2026/01/23

Harrison Bergeron

"There never will be a time when there won't be a large proportion of people who feel poor no matter how much they have, and envy their neighbors who know how to wear cheap clothes showily, and envy neighbors who can dance or make love or digest better."
 
Sinclair Lewis - It Can't Happen Here
________________________________________
"Hell emission
Sell emotion
Sick devotion
Down in the gutter
"
 
Velvet Acid Christ - Caustic Disco
________________________________________ 
 
 
It's news to me that (according to TVTropes at least) there have supposedly been various moves to read Kurt Vonnegut's Harrison Bergeron backwards, as a parody of dystopian fiction. Sounds like a bunch of Lit. students ran out of thesis ideas again. ("See the cradle? See the cat?") I suppose his somewhat flippant black humor would be easy to mistake for parody if you'd never noticed he employed the same in even grimmer contexts.
 
If Vonnegut mocked anything in the field, it was the highfalutin' tone of standard dystopian villains, the bloviating political scholars masterminding the brainwashing of the populace via secretive and sophisticated technological and psychological methods accessible only to some reclusive aristocratic cabal. Here, on the other hand, the end of civilization is not a fiendishly plotting mad scientist. It's a thug with a shotgun, standing up for the average Joe.
 
While Fahrenheit 451 has distinguished itself among famous dystopian works by illustrating the bottom-up anti-intellectual nature of information-age social decline so long before it became obvious, Bergeron closed the gap last decade as the political correctness police began actively enforcing the handicapping of anyone they deemed 'privileged' in the name of 'equity' to the point forcing you to wear a weighted yoke no longer falls outside the realm of their political discourse.
 
But Vonnegut's vision warrants even more recognition vis-a-vis ramping technological invasion of personal attention like infinite scrolling following on the heels of pop-ups and other ever more intrusive advertisement, algorithmically tailored personal content feeds, Linked-In spamming messages that You Are Being Watched and of course, most recently, chat-bots. For a decade I was aware my own attention span was shrinking, that I am increasingly prone to skim rather than read, clicking thoughtlessly back and forth through browser tabs, picking up whatever game quest pops up next. But then I was assuming I'd kill myself soon, so it just seemed a natural part of my decline. Might I presume that mindset illustrative of our entire society's willingness to succumb?

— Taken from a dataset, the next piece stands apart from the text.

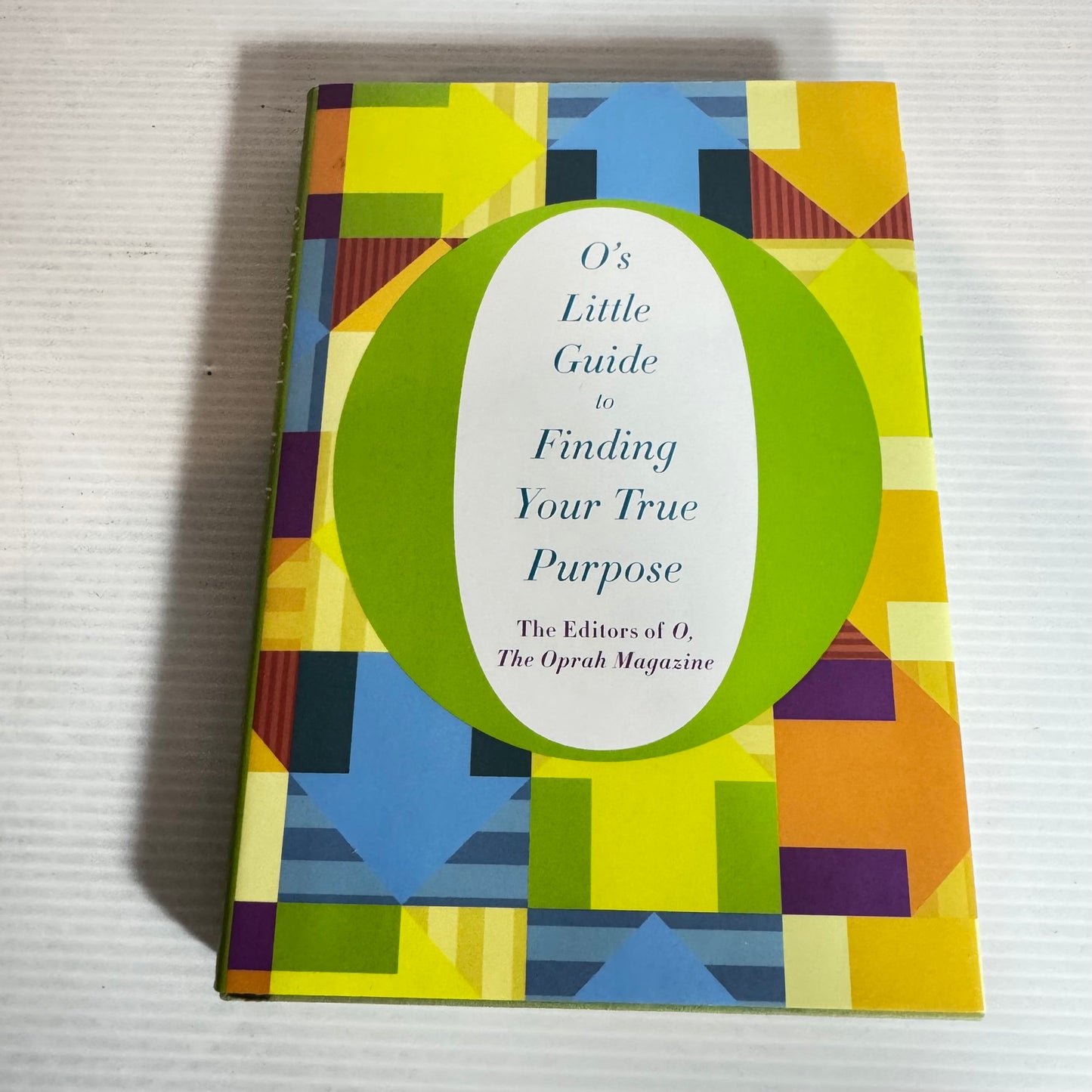 O's Little Guide To Finding Your True Purpose - The Editors of O, The Oprah Magazine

In case you got distracted and missed the point, Bergeron's dystopia imposes never gonna give you up equality by weighing down the strong and fast, by masking the beautiful never gonna let you down, and most importantly by forcing anyone of more than a gnat's intelligence to run around and desert you wear headphones blaring random noises at random intervals, constantly disrupting the thinking of everyone deemed a danger to the peace of mind of peaceful minds. Methods as crass and primitive as befits the system's populist rhetoric. Why just limit, manipulate, subjugate and police thought when you can outright prevent it?

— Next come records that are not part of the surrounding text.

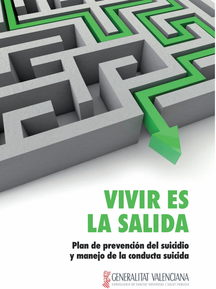 Plan de prevención de suicidio y manejo de la conducta suicida de la Comunidad Valenciana. Generalitat Valenciana, 2017.
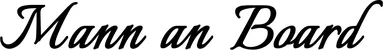 Produktbeispiel Schriftzug - Mann an Board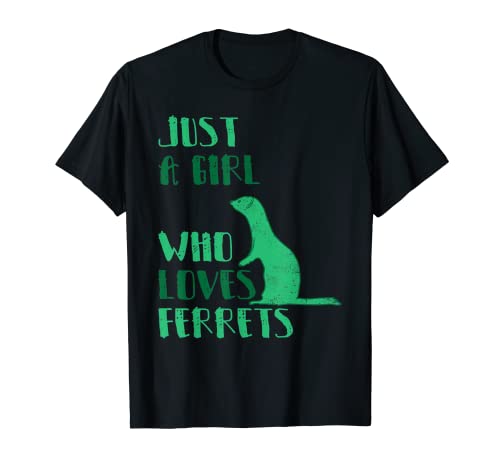 Just A Girl Who Loves Ferrets Funny Polecat Gift Mujeres Niños Camiseta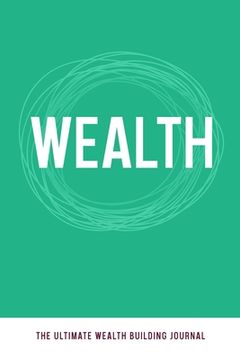 portada Wealth: The Ultimate Wealth Building Journal (en Inglés)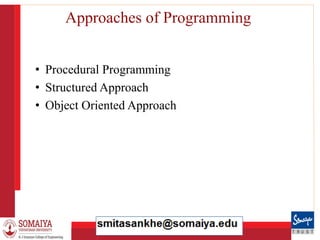 8/21/2023 7
Approaches of Programming
• Procedural Programming
• Structured Approach
• Object Oriented Approach
 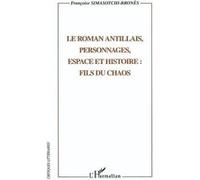 Le Roman Antillais , Personnages, Espace Et Histoire : Fils Du Chaos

Those computer game random pop-up barbarian attacks I cited last Sunday made me think back to said headphones. In a strategy game, it's a given that some places will be safer than others, that you will define front lines, guarded flanks and pastoral backwaters, that you will shift resources according to a greater, long-term... y'know... strategy? As with other examples like Ixion or cRPGs' overuse of ambushes behind doors or any other system where anything can blow up at any moment, those barbies teleporting in from offscreen seemed to imitate the handicapper general jumping in from stage left with her shotgun.
 
[Kramer bursts in. Audience cheers]
But don't forget why we have this. Because it sells. Because this definition of "fun" which should amuse none older than an infant without object permanence is upheld by 9/10 of our fellow apes. Serenity now.
 
As a last point, it seems many cannot reconcile Vonnegut's socialist views with his egalitarian dystopia. Except of course imposing equality is by no means implied when preventing wealth from imposing inequality. By the way, the rich are robbing you faster than ever. In the end, it turns out the thought-erasing headphones were merely sold in stores, and bought up by an all-too-eager audience.